Infectious titers in supernatant or in total fraction were determined using the TCID50 method using Vero cells in 96-well plates. Samples were thawed on ice and diluted (supernatant fraction) or thawed on ice and centrifuged to discard the cell pellet before dilution (total fraction). Before infection, the medium was discarded from the cells and samples were diluted in series in the infection medium. Infected plates were incubated for 8 days at 37 °C with 5% CO2, and 1% final trypsin was added every two days. TCID50 titers were then calculated using the Reed and Muench method.

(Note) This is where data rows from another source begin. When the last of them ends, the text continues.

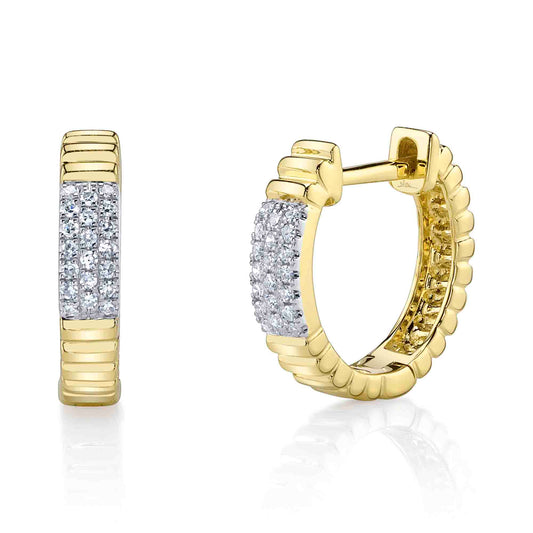 shy-creation-0-09ct-diamond-ribbed-huggie-earring-sc55026924rd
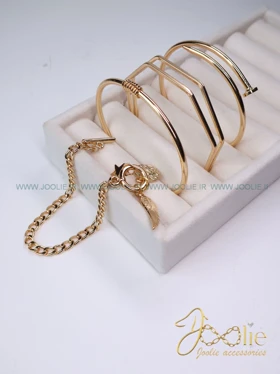 مجوعه 4 عددی بنگل-دستبند زنانه کد B2194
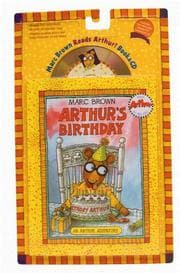 Tapa de Arthur's Birthday (An Arthur Adventure-includes CD)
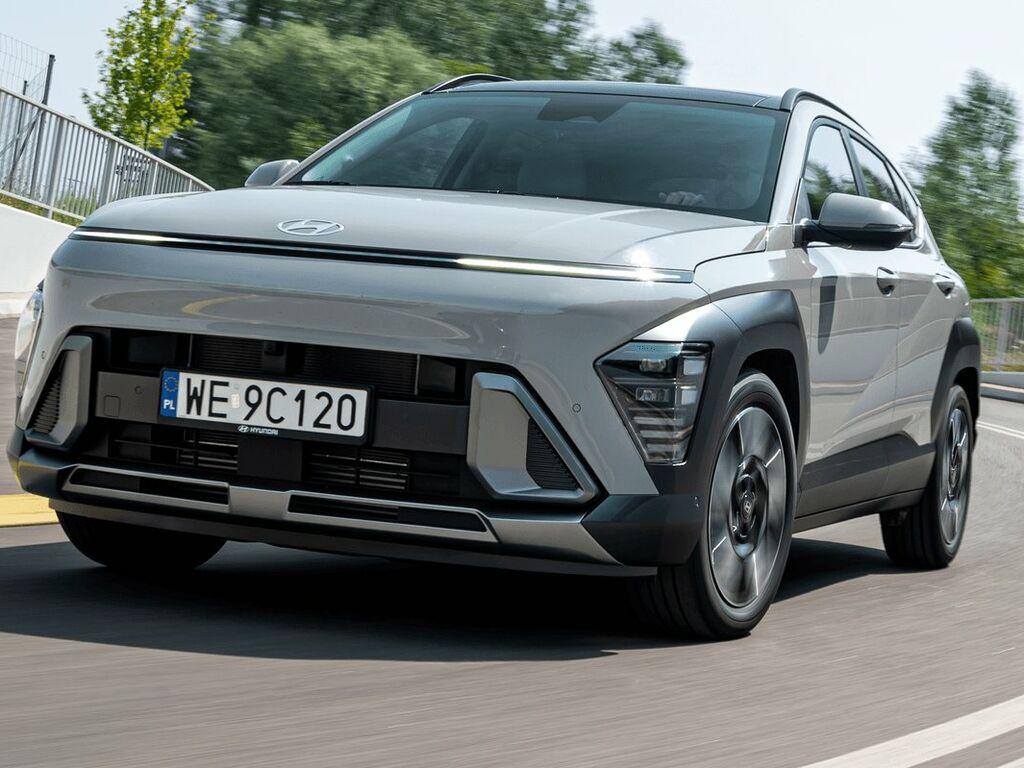 Bagagerumsmåtte til Hyundai Kona 2023 - 2025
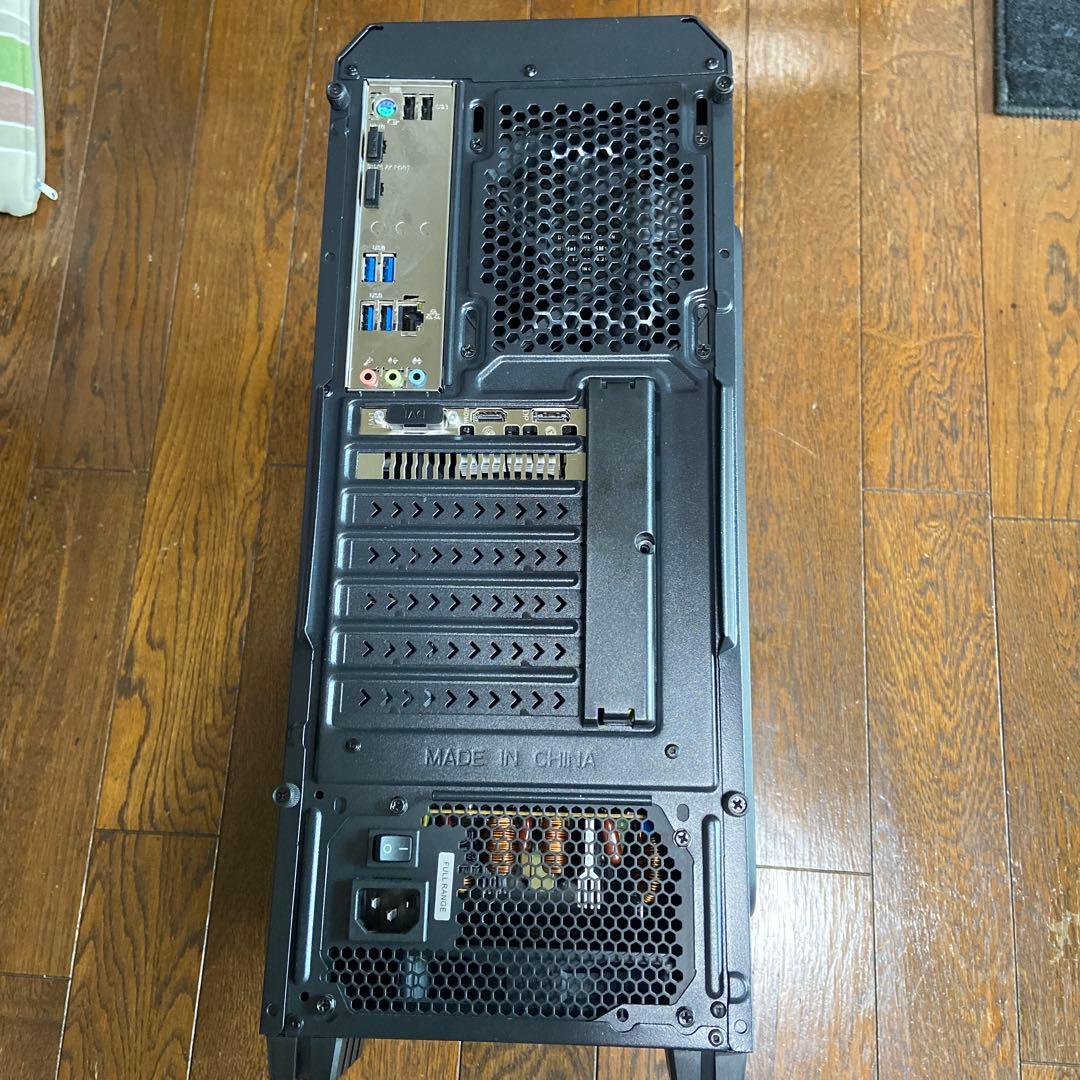 動画制作＆ゲーミング&Windows11仕様のタワー型パソコン専門店分解清掃済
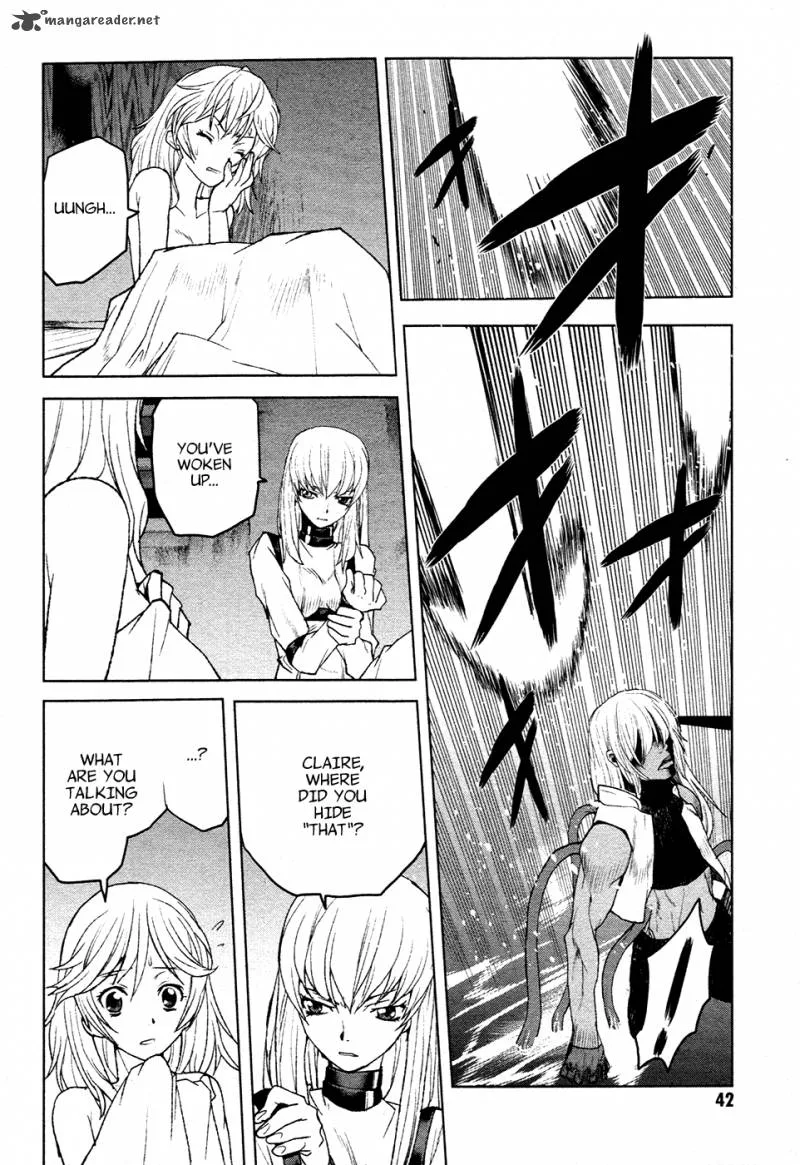 Code Geass: Shikkoku no Renya Chapter 13 page 12
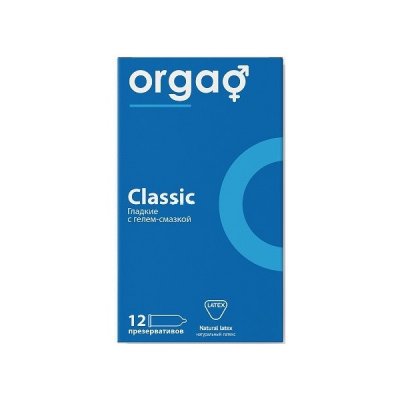 Купить orgao (оргао) презервативы гладкие 12шт в Балахне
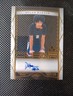 Dylan Harper ARC Rookie CLEAR GOLD Autograph Auto #ed 27/35! 2023 Leaf Trinity!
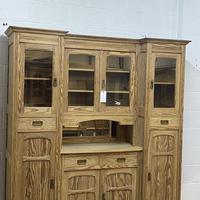 Very large antique dresser with glazed display cupboards (7 of 9) Very large antique dresser with glazed display cupboards (7 of 9)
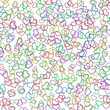 Colourful Hearts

Transmission electron microscopy

After production in a 2 L Univessel® SU bioreactor or in static 24-well plates, Metavac®-RSV particles were concentrated by ultracentrifugation, resuspended in NaCl (0.9%) and filtered at 0.45 μm. Viral suspensions were adsorbed on 200-mesh nickel grids coated with formvar-C for 10 min at room temperature. Then, grids with suspensions were colored with Uranyless (Delta Microscopies, Mauressac, France) for 1 min and observed on a transmission electron microscope (Jeol 1400 JEM, Tokyo, Japan) equipped with a Gatan camera (Orius 1000) and Digital Micrograph software. Diameter of Metavac®-RSV particles was measured on transmission electron microscopy pictures (n = 58 for bioreactor production and n = 30 for static production).

Infection of reconstituted human airway epithelium

In vitro reconstituted human airway epithelium (HAE), derived from healthy donors’ primary nasal cells (MucilAir™), was purchased from Epithelix (Plan-les-Ouates, Switzerland). HAEs were infected by instillation at the apical side of Metavac®-RSV produced in a bioreactor at an MOI of 0.1. After 2 h of incubation at 37 °C and 5% CO2, the inoculum was removed carefully. Infected HAEs were monitored by fluorescent microscopic observation at 3, 5, and 7 dpi using EVOS™ M5000 Cell Imaging System (Invitrogen, Thermo Fisher Scientific, Waltham, MA, USA). At 3, 5, and 7 dpi, apical washes with warm OptiMEM were performed in order to extract viral RNA (QIAamp Viral RNA kit, Qiagen, Hilden, Germany) and viral gene quantification was performed by RT-qPCR targeting the HMPV-M gene or RSV-F gene.

Statistical analysis

Statistical analyses were performed with GraphPad Prism 10 using t-test, one-way or two-way ANOVA with Dunnett posttest or Tukey posttest when comparing to a control group.